Virgilio "Virgil" Redondo y Purugganan (March 28, 1926 – April 13, 1997) was a Filipino comic book writer and artist.

== Biography ==

=== Early life ===
Redondo was born in the town of San Esteban, Ilocos Sur, Philippines, the eldest of eight children.

===Early work===
Redondo started as a staff and advertising artist. He worked, along with his younger brothers Nestor Redondo, Francisco "Quico" Redondo, and Sisenando Redondo Jr., on a newspaper.

On December 15, 1948, he published his komik serial Mahiwagang Bundok. His first cartoon comic strip was "Isyo", a humorous strip from Pilipino Komiks. In the 1950s Virgil started to work at Ace Publication Incorporated aided by Tony Velasquez. His writing became successful with Diwani in 1951 and Reyna Bandida in 1952. The latter was adapted into a movie by Sampaguita Pictures, starring Alicia Vergel. Then followed Tin-edyer in 1953, Talusaling in 1955 and Aling Kutsero in 1956, in which Nida Blanca appeared, released by LVN Pictures. He also created Alyas Palos, Bakas ng Gagamba, Panginoon, Ang Mga Lawin, Vod-a-vil, Teen-age Crush, Anak ng Kidlat and Rolling Rockers.

=== CRAF Publications ===
In April 1963 Virgilio Redondo and a group of writers and illustrator founded CRAF Publications, initially named after Amado Castrillo, Tony Caravana, Virgil Redondo, Nestor Redondo, Alfredo Alcala and Jim Fernandez. Their first comic was Redondo Komiks, released on May 7, 1963. CRAF introduced many titles, such as Alcala's Fight Komiks, Amado's Lovers Komiks, Craf Klasix, and Magic Comics. The firm shut down in 1968.

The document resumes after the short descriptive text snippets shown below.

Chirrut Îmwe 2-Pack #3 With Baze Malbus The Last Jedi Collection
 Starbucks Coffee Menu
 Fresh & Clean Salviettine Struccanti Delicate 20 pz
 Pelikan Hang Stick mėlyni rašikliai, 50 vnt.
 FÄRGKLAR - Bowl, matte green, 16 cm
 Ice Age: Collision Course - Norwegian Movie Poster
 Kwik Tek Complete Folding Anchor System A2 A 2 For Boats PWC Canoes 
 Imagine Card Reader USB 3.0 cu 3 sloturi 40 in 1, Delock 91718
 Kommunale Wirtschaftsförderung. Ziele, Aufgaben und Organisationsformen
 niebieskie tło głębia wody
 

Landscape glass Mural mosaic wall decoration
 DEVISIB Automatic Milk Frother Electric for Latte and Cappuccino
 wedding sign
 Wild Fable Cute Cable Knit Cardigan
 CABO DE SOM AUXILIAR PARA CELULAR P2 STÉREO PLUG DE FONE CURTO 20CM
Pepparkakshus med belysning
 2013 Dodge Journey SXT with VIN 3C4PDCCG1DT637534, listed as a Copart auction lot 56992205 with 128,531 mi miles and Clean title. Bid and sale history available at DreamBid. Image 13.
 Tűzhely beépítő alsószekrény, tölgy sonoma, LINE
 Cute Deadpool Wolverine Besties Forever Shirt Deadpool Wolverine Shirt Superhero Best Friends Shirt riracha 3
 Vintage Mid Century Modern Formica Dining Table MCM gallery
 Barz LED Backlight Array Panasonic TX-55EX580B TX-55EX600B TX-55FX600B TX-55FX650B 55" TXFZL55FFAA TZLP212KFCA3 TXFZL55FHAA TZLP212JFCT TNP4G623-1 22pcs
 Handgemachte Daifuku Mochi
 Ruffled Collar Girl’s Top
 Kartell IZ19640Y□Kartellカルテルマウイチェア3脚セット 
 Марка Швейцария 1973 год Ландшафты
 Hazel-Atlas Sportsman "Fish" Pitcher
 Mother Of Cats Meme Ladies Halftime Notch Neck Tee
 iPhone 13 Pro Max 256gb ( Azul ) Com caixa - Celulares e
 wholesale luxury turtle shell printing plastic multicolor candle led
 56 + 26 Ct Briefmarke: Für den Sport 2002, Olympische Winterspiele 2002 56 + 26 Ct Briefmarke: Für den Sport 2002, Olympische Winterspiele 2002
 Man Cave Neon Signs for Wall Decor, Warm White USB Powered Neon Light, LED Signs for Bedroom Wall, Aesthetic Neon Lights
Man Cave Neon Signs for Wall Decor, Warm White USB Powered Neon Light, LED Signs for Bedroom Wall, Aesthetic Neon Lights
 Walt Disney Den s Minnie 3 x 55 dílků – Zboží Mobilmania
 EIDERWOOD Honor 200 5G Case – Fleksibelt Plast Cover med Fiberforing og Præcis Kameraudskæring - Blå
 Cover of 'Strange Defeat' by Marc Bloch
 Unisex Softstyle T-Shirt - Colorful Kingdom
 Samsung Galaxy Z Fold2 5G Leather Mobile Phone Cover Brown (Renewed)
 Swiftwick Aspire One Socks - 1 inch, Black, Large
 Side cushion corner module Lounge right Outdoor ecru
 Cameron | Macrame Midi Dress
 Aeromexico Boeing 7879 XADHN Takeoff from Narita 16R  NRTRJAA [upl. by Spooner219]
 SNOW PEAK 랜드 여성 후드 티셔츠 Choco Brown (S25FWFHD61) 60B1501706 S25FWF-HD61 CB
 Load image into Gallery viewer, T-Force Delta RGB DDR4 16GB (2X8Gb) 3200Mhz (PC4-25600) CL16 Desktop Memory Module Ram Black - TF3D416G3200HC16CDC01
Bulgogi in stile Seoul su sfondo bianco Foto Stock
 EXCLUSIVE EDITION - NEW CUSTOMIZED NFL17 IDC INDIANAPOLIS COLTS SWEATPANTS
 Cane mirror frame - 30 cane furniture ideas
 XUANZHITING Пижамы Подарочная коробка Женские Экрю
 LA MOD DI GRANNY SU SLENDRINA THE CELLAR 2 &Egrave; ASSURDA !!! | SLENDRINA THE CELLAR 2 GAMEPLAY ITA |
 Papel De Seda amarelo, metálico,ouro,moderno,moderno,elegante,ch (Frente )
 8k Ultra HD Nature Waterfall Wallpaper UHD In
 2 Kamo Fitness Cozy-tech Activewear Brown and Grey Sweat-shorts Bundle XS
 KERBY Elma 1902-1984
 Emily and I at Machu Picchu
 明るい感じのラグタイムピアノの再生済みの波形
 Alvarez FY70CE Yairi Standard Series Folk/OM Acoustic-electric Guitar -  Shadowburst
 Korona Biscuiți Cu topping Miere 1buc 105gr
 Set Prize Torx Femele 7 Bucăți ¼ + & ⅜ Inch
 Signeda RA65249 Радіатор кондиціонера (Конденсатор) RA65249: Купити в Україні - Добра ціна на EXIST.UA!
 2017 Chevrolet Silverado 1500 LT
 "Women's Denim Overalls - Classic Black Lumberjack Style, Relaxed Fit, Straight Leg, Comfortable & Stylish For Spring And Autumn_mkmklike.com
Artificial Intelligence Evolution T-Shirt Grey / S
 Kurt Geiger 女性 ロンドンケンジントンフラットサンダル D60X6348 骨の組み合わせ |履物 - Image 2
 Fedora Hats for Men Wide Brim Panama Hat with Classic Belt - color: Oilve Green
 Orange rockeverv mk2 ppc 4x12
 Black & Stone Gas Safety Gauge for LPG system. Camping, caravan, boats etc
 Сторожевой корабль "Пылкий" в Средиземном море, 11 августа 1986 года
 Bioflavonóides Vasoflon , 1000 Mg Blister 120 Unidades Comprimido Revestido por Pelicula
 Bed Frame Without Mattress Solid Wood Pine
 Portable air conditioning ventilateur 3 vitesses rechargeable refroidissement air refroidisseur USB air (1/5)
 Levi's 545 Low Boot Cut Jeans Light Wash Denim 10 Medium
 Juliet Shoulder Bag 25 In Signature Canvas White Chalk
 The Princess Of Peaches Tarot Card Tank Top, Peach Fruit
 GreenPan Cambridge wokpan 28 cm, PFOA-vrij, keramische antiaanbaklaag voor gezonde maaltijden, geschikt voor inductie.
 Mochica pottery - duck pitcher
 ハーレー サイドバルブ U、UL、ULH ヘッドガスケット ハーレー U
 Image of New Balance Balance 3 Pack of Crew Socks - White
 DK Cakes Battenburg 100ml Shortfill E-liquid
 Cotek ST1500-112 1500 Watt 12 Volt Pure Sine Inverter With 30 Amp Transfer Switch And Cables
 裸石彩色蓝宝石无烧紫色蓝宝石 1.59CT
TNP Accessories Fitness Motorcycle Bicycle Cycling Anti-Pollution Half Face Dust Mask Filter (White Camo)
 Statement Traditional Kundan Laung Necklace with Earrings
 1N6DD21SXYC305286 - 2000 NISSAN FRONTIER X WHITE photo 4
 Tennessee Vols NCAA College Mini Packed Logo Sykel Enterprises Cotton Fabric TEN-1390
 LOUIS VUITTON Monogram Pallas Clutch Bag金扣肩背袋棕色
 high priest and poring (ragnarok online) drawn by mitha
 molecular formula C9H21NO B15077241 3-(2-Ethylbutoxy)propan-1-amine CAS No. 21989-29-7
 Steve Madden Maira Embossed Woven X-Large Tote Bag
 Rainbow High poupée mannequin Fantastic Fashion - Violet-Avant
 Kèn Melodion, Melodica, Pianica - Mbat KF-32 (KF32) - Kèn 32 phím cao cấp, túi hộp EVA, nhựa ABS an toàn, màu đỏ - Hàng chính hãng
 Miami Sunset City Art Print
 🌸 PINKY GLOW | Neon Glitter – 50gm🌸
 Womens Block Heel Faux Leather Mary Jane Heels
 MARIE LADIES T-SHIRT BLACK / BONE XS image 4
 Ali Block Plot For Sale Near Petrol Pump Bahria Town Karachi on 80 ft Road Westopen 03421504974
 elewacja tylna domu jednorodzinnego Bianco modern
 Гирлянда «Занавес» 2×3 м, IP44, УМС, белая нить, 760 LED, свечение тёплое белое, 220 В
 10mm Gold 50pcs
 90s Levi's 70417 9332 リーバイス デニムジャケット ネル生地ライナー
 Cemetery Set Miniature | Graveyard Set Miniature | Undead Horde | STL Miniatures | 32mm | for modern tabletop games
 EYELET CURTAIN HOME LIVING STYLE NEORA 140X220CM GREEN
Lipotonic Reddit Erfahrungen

=== Collaboration with other writers ===
Redondo teamed up with Gilda Olvidado to illustrate the short stories "May Sopresa Ang Pag-ibig," "Ang Paborito", and "Narito ang Anak, Narito ang Ina." He demonstrated his artwork in Rico Bello Omagap's novel Bathaluman Sino Ka? and Putik sa Mukha ng Birhen.

=== Other works ===
Virgil also worked at Marvel Comics. As both penciller and inker, he contributed to Planet of the Apes, Unknown Worlds of Science Fiction, Solomon Kane, Savage Sword of Conan #20, Tomb of Dracula, Tales of the Zombie, and Vampire Tales.

He also worked as an Illustrator with Vincent Fago for Pendulum Illustrated Classics on the adaptation of Nathaniel Hawthorne's The Scarlet Letter.

=== Death ===
Redondo died on April 13, 1997, and rests at Eternal Garden at East Bagong Barrio, Caloocan.